Cook asked [Chho] if he could search the trunk. . . . [Chho] . . . `kind of rolled his eyes’ and slouched his shoulders, but said, `Yeah.’ The officer opened the trunk and immediately saw a container resembling the one under the seat. Without touching the container, Cook asked [Chho] what was inside and he responded, `More marijuana.’ The officer opened the container and found about five times more marijuana than was in the other container, bringing the total to 171.6 grams (6.05 ounces).


While Cook was looking in the trunk, [the] cell phone was still ringing continuously inside the car. After finding the marijuana in the trunk, the officer grabbed the cell phone from the car, opened it, and read two text messages. According to the officer, based on his training experience, the continuous ringing of [Chho]'s cell phone during the stop, coupled with the officer's discovery of . . . more than six ounces of marijuana in the trunk, led him to suspect [Chho] may be engaged in drug dealing or other illegal activity. Because of this suspicion, and for investigatory purposes, he . . . read the two incoming text messages. The first one said, `A homie its me lil locs from Sequoia Glen Apts. I need an eighth if u can. Hit me up.’ The second said, `A bro, I'm still tryin to get that so hit me up when u r back this way.’ The officer did not notice how old the messages were and he did not know how long the phone would retain them. There is no evidence that he searched the phone further by viewing or retrieving any other incoming or outgoing messages.

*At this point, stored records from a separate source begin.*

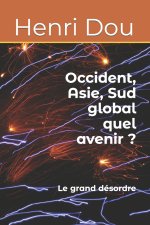 Occident, Asie, Sud global quel avenir ?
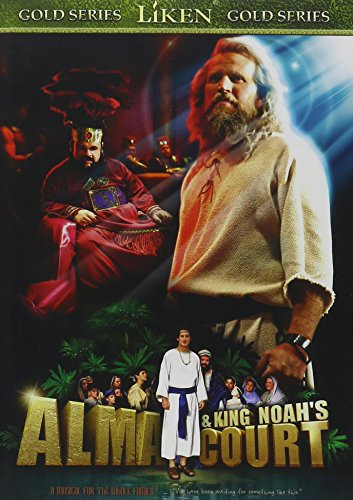 Alma  and  King Noah's Court (Liken Gold Series)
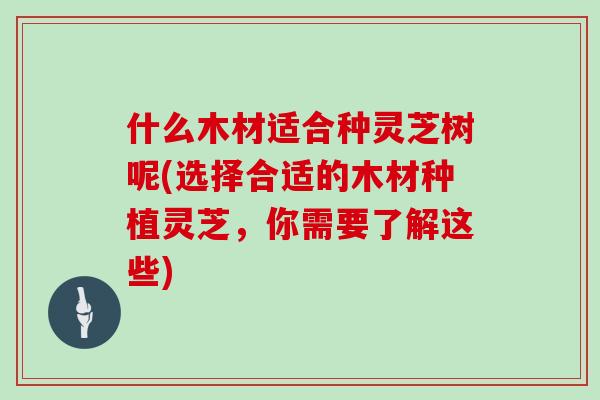 什么木材适合种灵芝树呢(选择合适的木材种植灵芝，你需要了解这些)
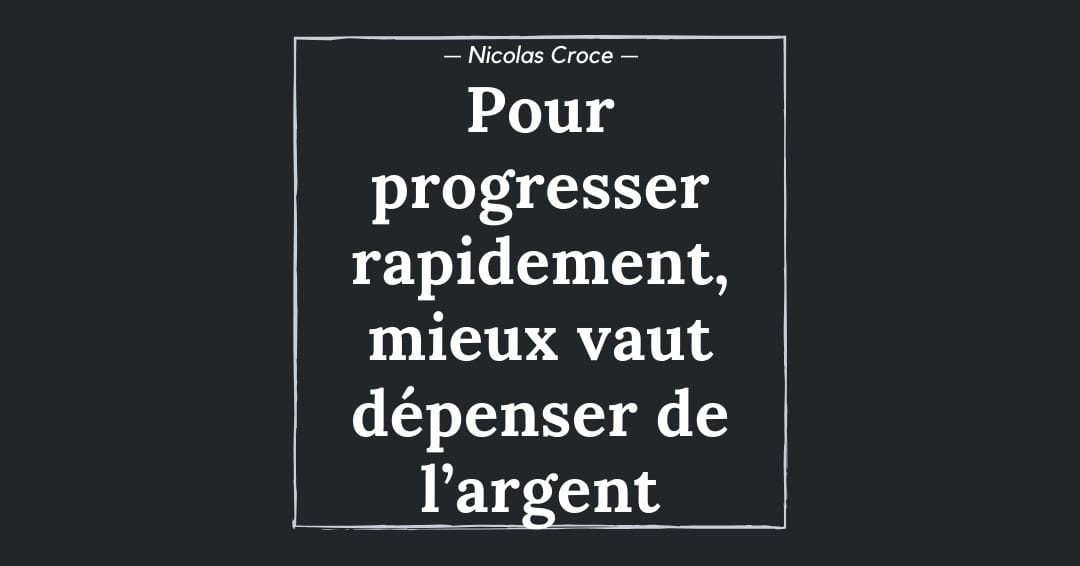 Pour progresser rapidement, mieux vaut dépenser de l’argent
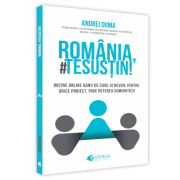 Romania, #TeSustin. Obtine online banii de care ai nevoie pentru orice proiect, prin puterea comunitatii – Andrei Duma librariadelfin.ro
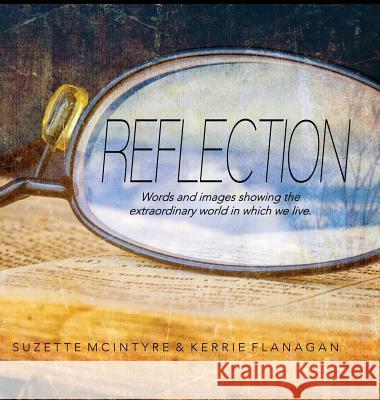 Reflection: A Words & Images Coffee Table Book Kerrie Flanagan 9780996171090 Hot Chocolate Press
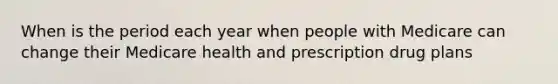 When is the period each year when people with Medicare can change their Medicare health and prescription drug plans
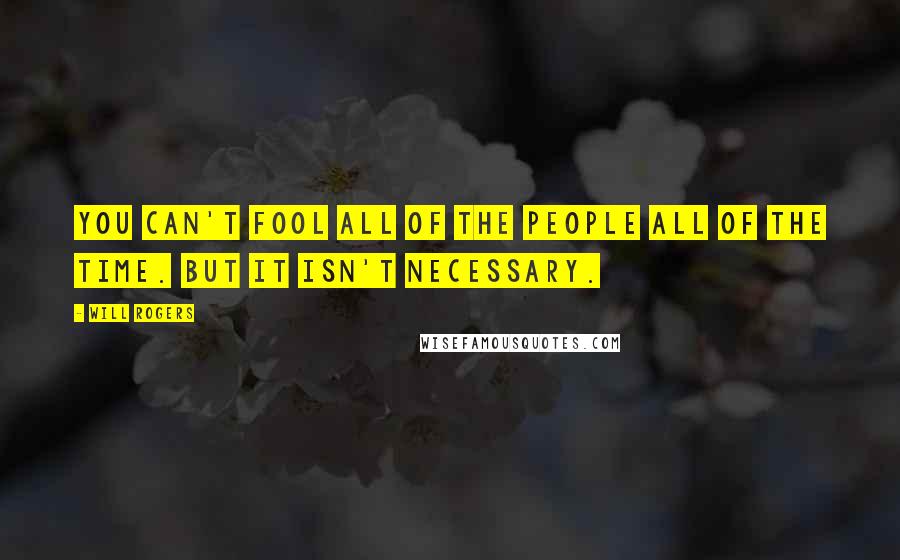 Will Rogers Quotes: You can't fool all of the people all of the time. But it isn't necessary.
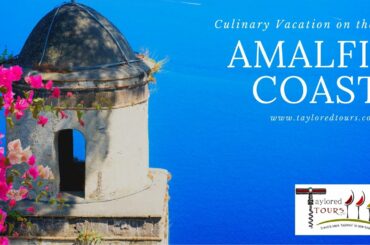Amalfi Coast Culinary & Wine Vacation - with Taylored Tours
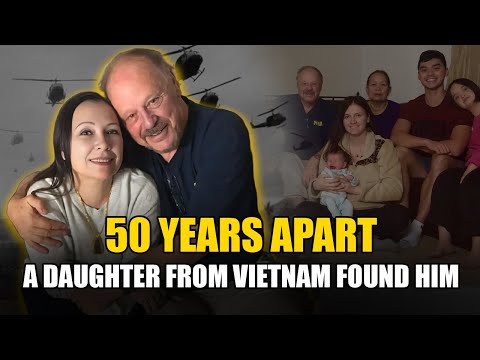 50 Years Apart: Vietnamese Daughter Reunites With Her American Veteran Father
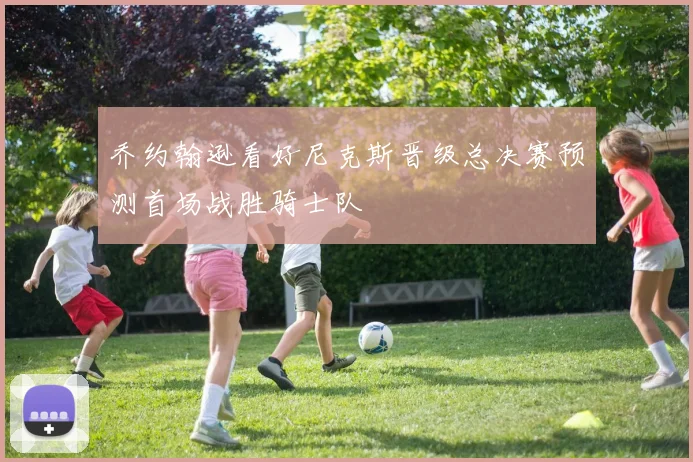 乔约翰逊看好尼克斯晋级总决赛预测首场战胜骑士队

People v. Chho, supra. In a footnote, the Court of Appeals explained that when Officer Cook testified at the hearing on the motion to suppress, he could not remember if the “messages immediately appeared on the phone's screen when he opened it” or if he had “ to manipulate the phone in some way” in order to see them. People v. Chho, supra. The court also noted there was “no evidence that the messages could only be viewed by using a password or other privacy protection mechanism.” People v. Chho, supra.


Chho claimed Cook’s search of his cell phone violated the 4th Amendment because he had not consented to a search of the phone (which seems to have been true) and because the search was not valid under the vehicle exception. The trial judge denied the motion to suppress because he found that the search was a valid search under the vehicle exception, since Officer Cook had probable cause to believe “that the cell phone contained evidence of drug sales.” People v. Chho, supra. As Wikipedia points out, and as I’ve noted in earlier posts on the vehicle exception, all an officer needs to conduct a valid search under this exception is (i) a vehicle and (ii) probable cause to believe evidence of a crime will be found in the vehicle. The fact the search targets a vehicle creates circumstances which the Supreme Court has held make it reasonable for an officer to proceed without getting a warrant.


On appeal, Chho reiterated his claim that the search of his cell phone violated his


Fourth Amendment rights. The thrust of his challenge is the theory that modern cell phones are like computers and they are therefore afforded the same elevated privacy protections. He further contends that because of the commonplace use of cell phones by much of the population, that his cell phone continuously rang during the traffic stop could not have any tendency in reason to suggest that he was engaged in drug dealing.


People v. Chho, supra. He lost. The Court of Appeals held that the search was


constitutionally permissible under the automobile exception. This . . . conclusion follows from the determination that . . . the officer had probable cause to open the phone and view the text messages. It is without dispute that Chho gave his consent for Cook to search under the seat and in the trunk, where he found a total quantity of marijuana that reasonably suggested to the officer it was possessed for sale rather than personal use. There is no dispute that during the course of the stop, the cell phone was continuously ringing. This degree of phone activity in the context of a traffic stop during which a quantity of drugs for sale have been permissibly found in the car was enough to reasonably establish probable cause. . . .


People v. Chho, supra. The court rejected Chho’s claim that Cook didn’t have probable cause to believe evidence of a crime would be found in the phone because “cell phones are in many ways like mini computers that store loads of information and `. . . practically everyone has a cell phone’ and many people make calls around 5:00 p.m. that are perfectly innocent.” People v. Chho, supra.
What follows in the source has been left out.